Meghan Markle seems to see herself as a ‘victim’. Had she called herself a victima in Rome, it would have been a matter of some surprise, since the ancients used that image solely with reference to animals for sacrifice. But our ‘victim’ is used as if one genuinely were as helpless as a victima.
Ancients would have none of that. In place of our ‘victimhood’, they used words like ‘wronged, betrayed, worsted, dishonored, neglected, injured’. Even the classical terms for ‘suffer’ meant at root ‘undergoing/enduring an experience’ of some sort. Ancients, then, were not for relapsing into supine self-pity, but for taking action against the humans who had wronged them. The soap-Oprah interview certainly did that.
Whence, then, that sense of ‘victimhood’? Ms Markle made it clear that it was down to the palace’s unfeeling treatment of her that led to her mental health problems. Here the Stoic philosopher Epictetus (d. c. AD 135) comes in. He argued that mental problems — e.g. feeling angry, depressed, frightened, disgusted — arose from the way you thought about them. And the way you thought about them was ‘up to you’: your own thoughts were the single thing you had the possibility, and so the responsibility, to control. So he might have analyzed her situation as follows:
‘As an actress, Ms Markle, you live for fame — the more famous you become, the richer, and so the more in control of your future.
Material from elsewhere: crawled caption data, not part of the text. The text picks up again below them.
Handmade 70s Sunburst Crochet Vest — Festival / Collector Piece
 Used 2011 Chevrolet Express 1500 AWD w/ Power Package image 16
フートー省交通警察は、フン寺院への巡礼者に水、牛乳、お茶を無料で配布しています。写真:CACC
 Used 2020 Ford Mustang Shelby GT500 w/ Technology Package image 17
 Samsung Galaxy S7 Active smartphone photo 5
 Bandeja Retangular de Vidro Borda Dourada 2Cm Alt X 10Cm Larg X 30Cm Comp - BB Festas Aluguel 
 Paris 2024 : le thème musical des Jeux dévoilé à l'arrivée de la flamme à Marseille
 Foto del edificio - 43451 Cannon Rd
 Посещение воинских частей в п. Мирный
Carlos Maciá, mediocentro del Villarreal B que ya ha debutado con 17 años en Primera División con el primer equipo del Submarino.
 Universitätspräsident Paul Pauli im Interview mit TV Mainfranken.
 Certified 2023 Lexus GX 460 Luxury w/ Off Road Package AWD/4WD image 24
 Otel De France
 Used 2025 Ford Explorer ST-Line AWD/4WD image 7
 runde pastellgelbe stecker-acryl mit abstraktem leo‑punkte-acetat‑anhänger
But you cannot control your future. As my writings make clear, the only things you can control are your opinions, interests, desires, and dislikes; you cannot control your reputation, or make people obey you. Presumably you saw marrying a prince as a means to your desired end. But then it turned out that the palace was in command, royal fame far greater than yours, and you but a bit-part, and under their orders too. Mentally distraught at not being the star, but just casting your starlight on them, you stormed off the set, taking with you the poor besotted Harry. But that decision was “up to you”, i.e. your responsibility. No one, not even you, can be a victim of their own decisions’.